Giray derin bir nefes aldı. "Bu planın sana ait olduğunu biliyordum," dedi. Sırtım dönükken bile gözlerini devirdiğini hissettim. "Her şeyi anlarım ama yatak odasının tavanına bile ayna yaptırma fikri sence de delice değil mi?" Hızla dönüp ona baktım. "Aynısını köşkteki odan için de yaptık. Aynalara olan bu aşkın nereden geliyor Avukat?"
"Ben," dedim, ardından sustum ve Defne'nin çöktüğü yerden doğrulup bize doğru yürüdüğünü gördüm. "Yatak odasında mı, tavanda mı, ayna mı?" diye mantıksız bir cümle kurdum.
"Ve solunda, sağında, önünde, arkanda. Her yere ayna koymamızı istedi Tugay," dedi Giray.
Defne gelip kolunu Giray'ın beline sardığında Giray boş bulunup kolunu Defne'nin omzuna attı, ardından kendine doğru çekerken gözleri kocaman açıldı. Boğazını temizleyip Defne'yi kendinden öyle bir uzaklaştırdı ki gülmeye başladım.
"Gerçekten anlamadığını mı sanıyorsun Eftalya'nın?" dedi Defne dudaklarını bükerek. "Korkma, Tugay'a bir şey söylemez."
Giray kaşlarını çattı ve oturduğu arabanın kaputundan yere zıpladığında üstünü silkeledi. "Bence sizin aranızdaki onu hiç ilgilendirmez," derken kollarımı kendime doladım. Üzerimde siyah bol bir kazak vardı, onun üzerinde de siyah montum fakat yine de üşüyordum. "Yasakları çiğnemeye meraklı olan Tugay Demir Çeviker."

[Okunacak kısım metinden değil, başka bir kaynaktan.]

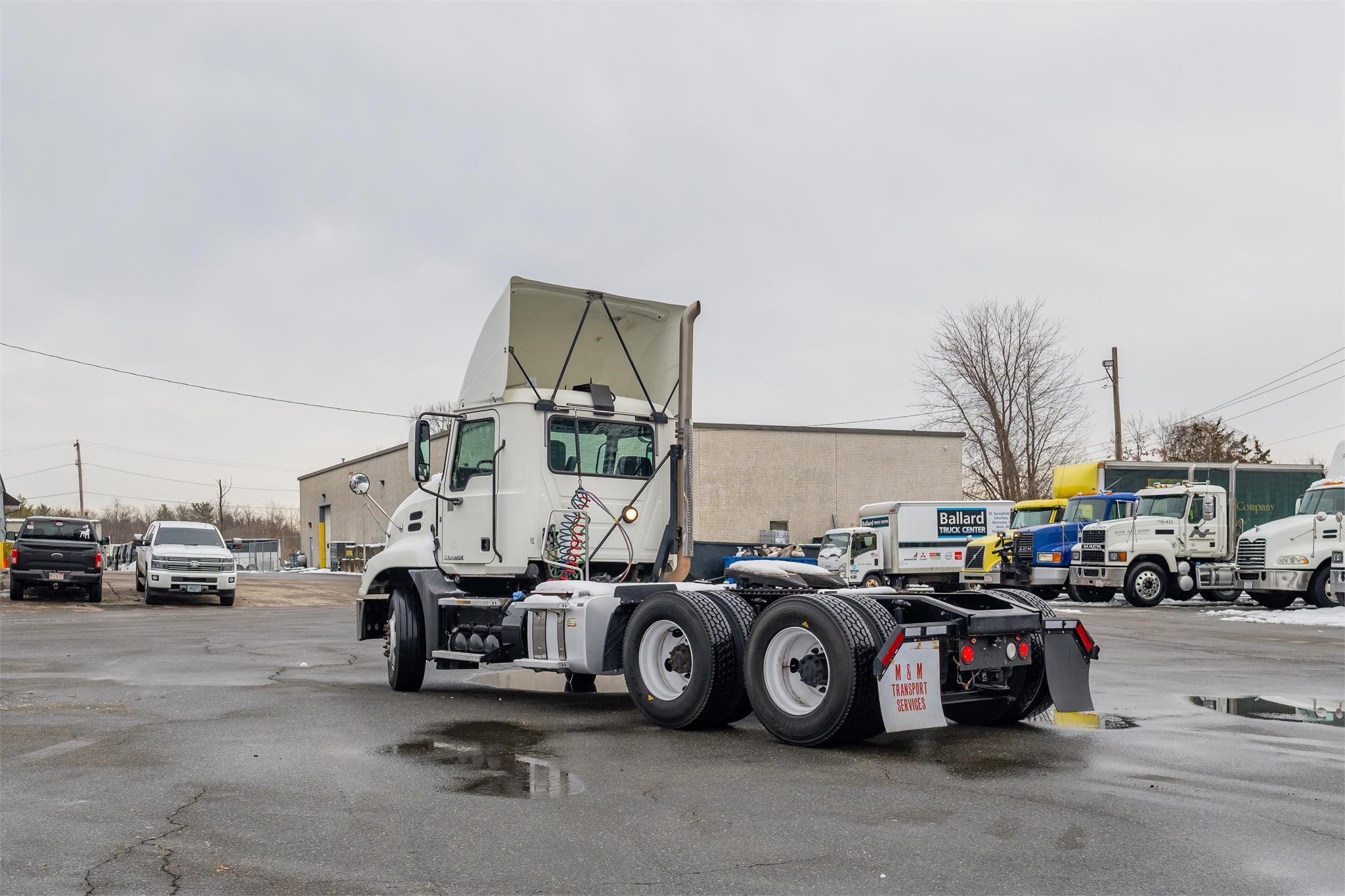 2016 MACK PINNACLE CXU613 - image 3 of 6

"Anlıyorum," dedi Defne imalı imalı.
Gözlerimi kaçırdığımda Giray boğazını temizledi. "Yasak olduğu için değil, ona hak verdiğim için," dedi Giray hızlı bir şekilde ve cebinden bir sigara çıkarıp yaktı. "İnsanın kafası karışabiliyor." Defne'ye göz ucuyla baktı. "Bazı duygularla."
"Hadi ama," dedi Defne ardından Giray'ın omzuna hafifçe yumruk attı. "Normal hayatında nasıl bir adam olduğundan söz etsene biraz Eftalya'ya." Kaşlarım havalandı, Defne bana döndü. "Giray'ı bütün bu olanlardan öncesinden beri tanıyorum. Tugay hep biraz donuk biriydi ama Giray her zaman en eğlenceli olandı. Şarkı söylemeyi seviyor çünkü sesi çok güzel, dans etmeyi de öyle. Aşçılık kurslarına gidiyordu, her gece bir mekânda gitar çalıyordu, çok kalabalık bir arkadaş grubu vardı, herkes onu çok severdi." Defne sırıttı. "Ve senelerce peşinden koştum. Giray'ı elde etmek çok zordu çünkü çevresinde çok kız vardı." Eli kalbine gitti. "Şu an böyle durduğuna bakma, askeriyede bile en eğlenceli kişi Giray'mış."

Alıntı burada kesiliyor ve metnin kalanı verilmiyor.